Маркуссен не оскорбился. Патриотом он не был. Его родиной были бухгалтерские книги, пусть даже фальсифицированные, и он осознавал мудрость ее советов.
Он пользовался своим датским гражданством, чтобы подать сигнал о том, что не опасен, и уже только потом наносил удар. Маркуссен обзавелся гибкими и ловкими женскими руками.
— Почему ты с ней расстался? — спросила Клара.
Во время доверительного разговора они незаметно перешли на «ты».
— Когда-нибудь ты узнаешь. Но не сейчас. Я рассказал тебе эту историю, потому что хотел, чтобы ты кое-что усвоила: не про меня, а про то, как женщине управлять делами. У меня трое детей, но на меня похожа лишь дочь. Два сына — абсолютные недотепы. Если я передам дела им, все тут же рухнет. А у дочери есть талант — но против нее ее пол. Так что мне придется завести подставное лицо, а настоящим хозяином предприятия сделать дочь. И никогда ей не снискать признания. Это станет ее трагедией. Она будет действовать обманом, но в этом и ее сила. Тебе придется поступать так же. С этого дня ты — обманщица.
У Клары Фрис появился неожиданный союзник.
Смерть.
В Марсталь заявилась «испанка», и, как и везде, сняла свою жатву. Грипп не море, которое забирает только мужчин. «Испанка» забирала всех, кто попадался на ее пути, милосердно позволяя жертвам умереть в собственной постели, так что близким для утешения оставалась могилка.
Пастор Абильгор совершал обходы, беседовал с близкими усопших и служил панихиды. Грипп не пугал его так, как война. На кладбище появились новые могилы, и цветочки на них поливали каждое воскресенье после полудня. Скорбящие тихо говорили с усопшими. Иногда раздавался всхлип, но если кто-то, подняв голову, замечал у могилы напротив соседа, то сейчас же принимался горячо обсуждать с ним последние новости. Дети, позабыв, где находятся, с шумом бегали по расчищенным дорожкам, пока кто-нибудь на них не шикал.
Тяжело терять близких. Но все же это жизнь, какая ни есть жизнь. Приходится склонять голову и принимать ее такой, как есть. Никто не возмущался, не сетовал ни на высшие силы, ни на власти земные.
— Справляемся помаленьку. А что делать, — говорили мы друг другу при встрече.

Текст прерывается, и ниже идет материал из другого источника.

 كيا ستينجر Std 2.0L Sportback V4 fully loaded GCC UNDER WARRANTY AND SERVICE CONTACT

«Испанка» не различала великих и малых. И все же ей, казалось, особенно пришлось по вкусу потомство Фермера Софуса. Сам-то он давно уже умер, а его судостроительная компания осталась в руках семейства Бойе. Через год после разорения Хенкеля они открыли новую пароходную верфь в северной части порта. Каждый раз, слыша, как клепало вгоняет раскаленные заклепки в гулкий стальной корпус, мы думали одно: «Мы еще на что-то способны». Верфь создала семья из нашего города. Всё в эти годы оказывалось поверхностным и подверженным упадку, и все же дела наших рук устояли, подобно молу, который защищал и будет защищать гавань во веки веков.
Но Поуль Виктор Бойе не устоял. Высокий, величавый, с волнистой бородой, спадающей на грудь, корабельный плотник и инженер, создатель и руководитель верфи, одинаково компетентный как в конторе, так и на стапеле, где всегда был готов подключиться к работе, если сотрудники его не успевали с заказом. Грипп дохнул на него своим тлетворным дыханием, и свеча его жизни угасла.

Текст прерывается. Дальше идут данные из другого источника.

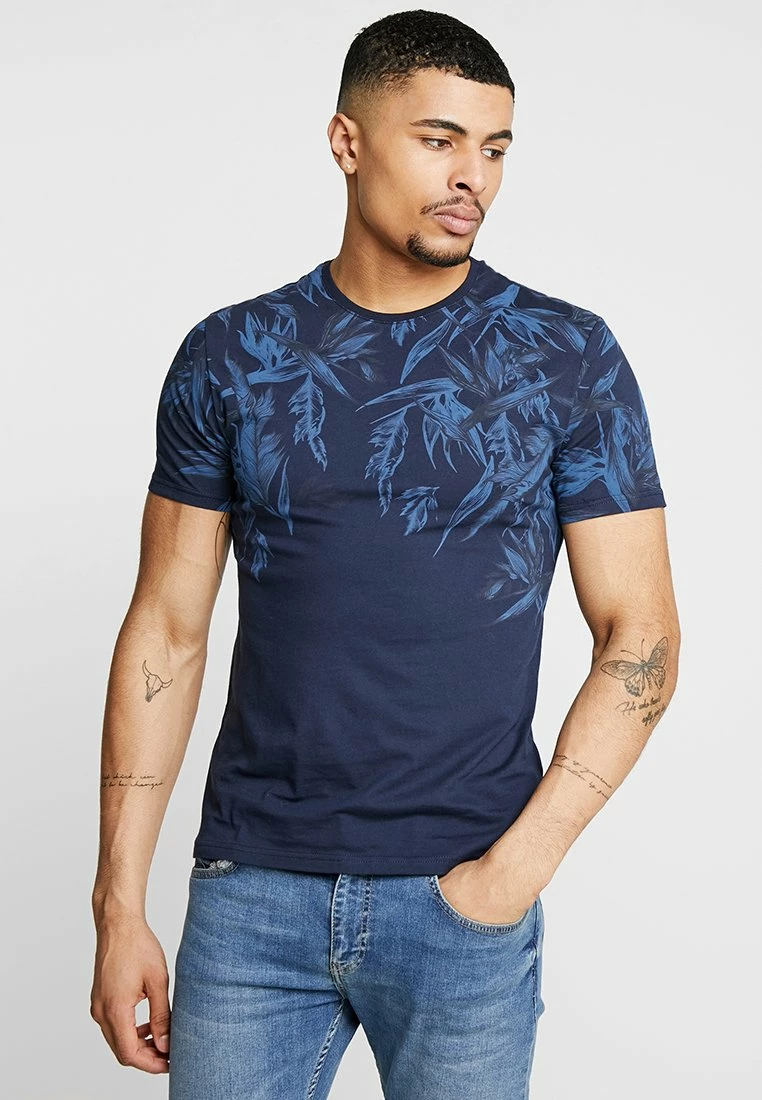 Pier One Camiseta Estampada - Blue, Hombre 3 Pier One Camiseta Estampada - Blue, Hombre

Через месяц две сестры Бойе, Эмма и Йоханна, схоронили и своих мужей. Они стояли во главе судоходной компании, солидные, здравомыслящие мужчины, сумевшие сохранить равновесие между прибылями и убытками в нелегкие годы войны, терявшие людей и суда, но никогда — деньги и теперь полагавшие, что настало время больших перемен: замены парусников пароходами.
Но у гриппа на этот счет было свое мнение.
Трижды полгорода следовало за гробами по Оммельсвайен. В начале процессии шли девушки, бросая цветы на брусчатку, словно готовя дорогу в рай: те, кому довелось умереть не в море, а дома, все-таки заслуживали некоторой пышности. Мы до сих пор придерживались этого старого обычая. За девушками ехал катафалк, запряженный черной лошадью.
Они сошли в могилу с промежутком в две недели. Один за другим.